§ EXERCISE DATA:
== Segment start ==
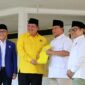 Ketua Umum Partai Gerindra Prabowo Subianto bersama Ketuam Umum Partai Golkar Airlangga Hartarto, Ketua Umum ZUlkifli Hasan dan Ketua Umum PKB Muhaimin Iskandar. (Dok. Tim Media Prabowo Subainto)

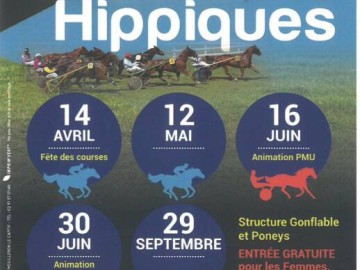 COURSES HIPPIQUES Le 29 sept 2024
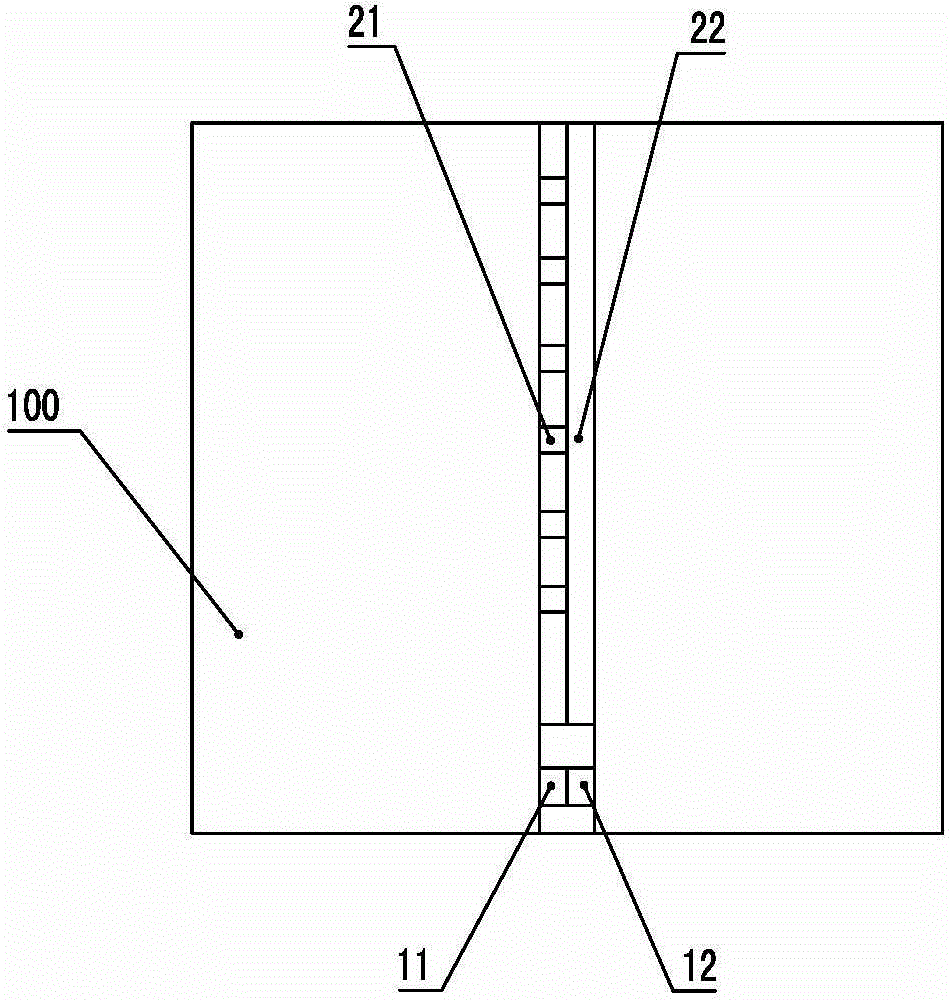 Clamping pin positioning method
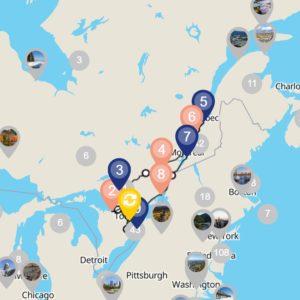Flydrive: Het beste van Oost Canada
== Segment end ==
§ DIRECTIONS FOR THIS TASK: Copy out the listing above in full and leave out its pictures.

§ FINAL ANSWER:
 Ketua Umum Partai Gerindra Prabowo Subianto bersama Ketuam Umum Partai Golkar Airlangga Hartarto, Ketua Umum ZUlkifli Hasan dan Ketua Umum PKB Muhaimin Iskandar. (Dok. Tim Media Prabowo Subainto)

 COURSES HIPPIQUES Le 29 sept 2024
 Clamping pin positioning method
Flydrive: Het beste van Oost Canada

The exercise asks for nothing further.